Reading of the Word of God

Alleluia, alleluia, alleluia

Whoever lives and believes in me
will never die.

Alleluia, alleluia, alleluia

Ruth 2, 1-3.8-11.13-17

Naomi had a kinsman on her husband's side, well-to-do and of Elimelech's clan. His name was Boaz.

Ruth the Moabitess said to Naomi, 'Let me go into the fields and glean ears of corn in the footsteps of some man who will look on me with favour.' She replied, 'Go, daughter.'

So she set out and went to glean in the fields behind the reapers. Chance led her to a plot of land belonging to Boaz of Elimelech's clan.

Boaz said to Ruth, 'Listen to me, daughter. You must not go gleaning in any other field. You must not go away from here.

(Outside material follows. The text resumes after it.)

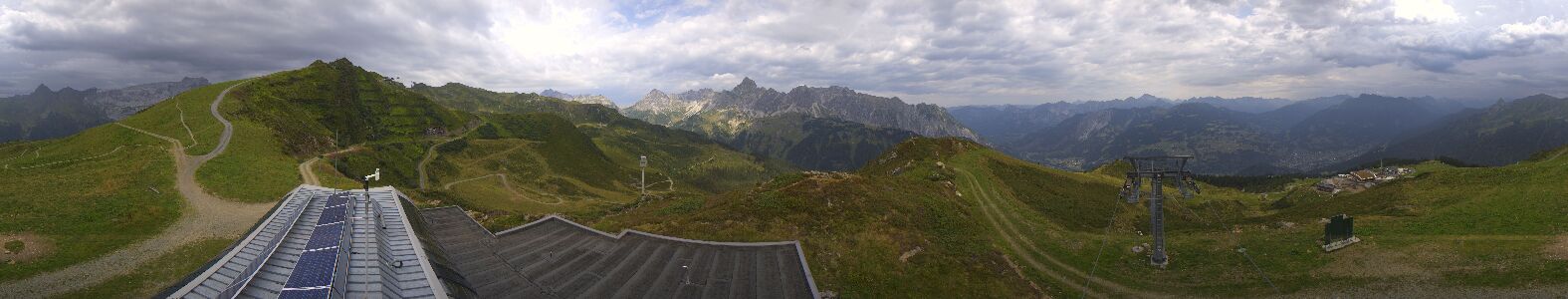 Webcam Bergstation Hüttenkopf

Stay close to my work-women.

Keep your eyes on whatever part of the field they are reaping and follow behind. I have forbidden my men to molest you. And if you are thirsty, go to the pitchers and drink what the servants have drawn.'

Ruth fell on her face, prostrated herself and said, 'How have I attracted your favour, for you to notice me, who am only a foreigner?'

Boaz replied, 'I have been told all about the way you have behaved to your mother-in-law since your husband's death, and how you left your own father and mother and the land where you were born to come to a people of whom you previously knew nothing.

So Boaz took Ruth and she became his wife. And when they came together, Yahweh made her conceive and she bore a son.

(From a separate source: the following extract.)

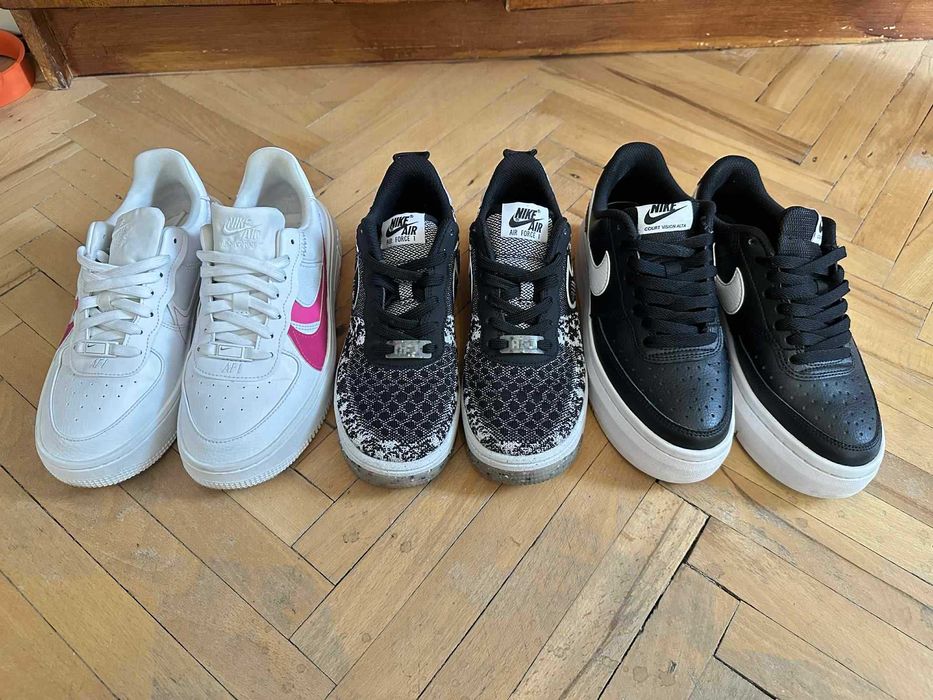 Дамски Кецове Nike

And the women said to Naomi, 'Blessed be Yahweh who has not left you today without anyone to redeem you. May his name be praised in Israel!

The child will be a comfort to you and the prop of your old age, for he has been born to the daughter-in-law who loves you and is more to you than seven sons.'

And Naomi, taking the child, held him to her breast; and she it was who looked after him.

And the women of the neighbourhood gave him a name. 'A son', they said, 'has been born to Naomi,' and they called him Obed. This was the father of Jesse, the father of David.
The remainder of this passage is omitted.